Yemen Oil Market Analysis

Yemen’s economy, much like all the economies in the Middle East, relies heavily on oil exports.  Determining the politics of the region requires first a study in the production figures of Yemeni oil and the crude oil exports and petroleum imports.  In order to fully understand the politics of the region, it is beneficial to include other surrounding countries in the comparison.

Yemen is a country situated in the Middle East and is attempting to become a worldwide leader in an economic setting.  The current economy of Yemen relies heavily on oil production, and it can be calculated that if oil production was non-existent in the country, the wealth of the country would fall further and possibly make the country one of the poorest countries in the world (World Fact Book).  The GDP of Yemen demonstrates how even though oil production is a major source of wealth in the country; it still is considered a fairly poor country.  The current figures of Yemen’s GDP are $22.74 billion (in dollars after the exchange rate), which makes Yemen number 85 in the world as far as GDP numbers (World Fact Book).
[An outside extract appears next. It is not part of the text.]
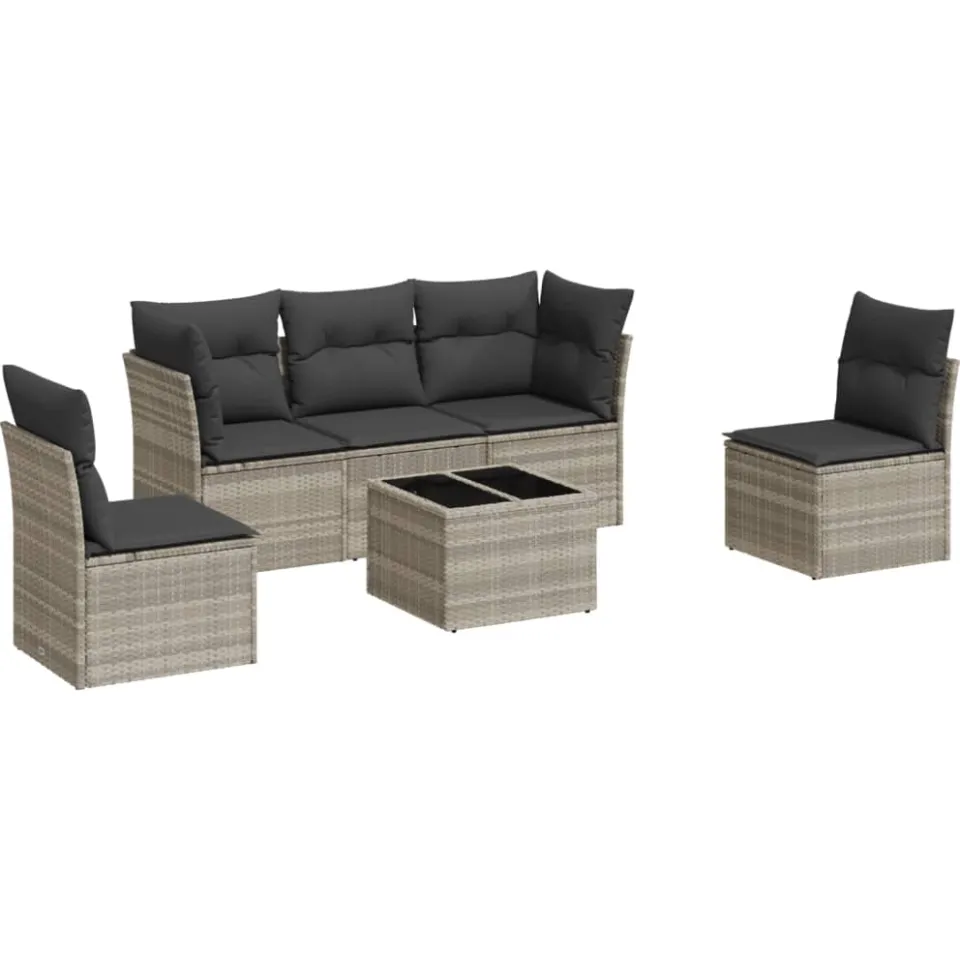 vidaXL 6-delige Loungeset met kussens poly rattan lichtgrijs grijs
Comparing Yemen to the entire world is not an accurate depiction.  To garner a greater perception of Yemen’s situation, it is essential to discuss Yemen in terms of their position alongside other countries in the Middle East region.  The table below displays Yemen’s oil production in relation to Saudi Arabia, Qatar, UAE, Kuwait, Oman, and Bahrain.  This table represents how Yemen is in a fairly impressive position when compared to other major oil producers in the area.  Other countries have been producing oil for many years before Yemen, which means Yemen has made some progress in their production capabilities in recent years.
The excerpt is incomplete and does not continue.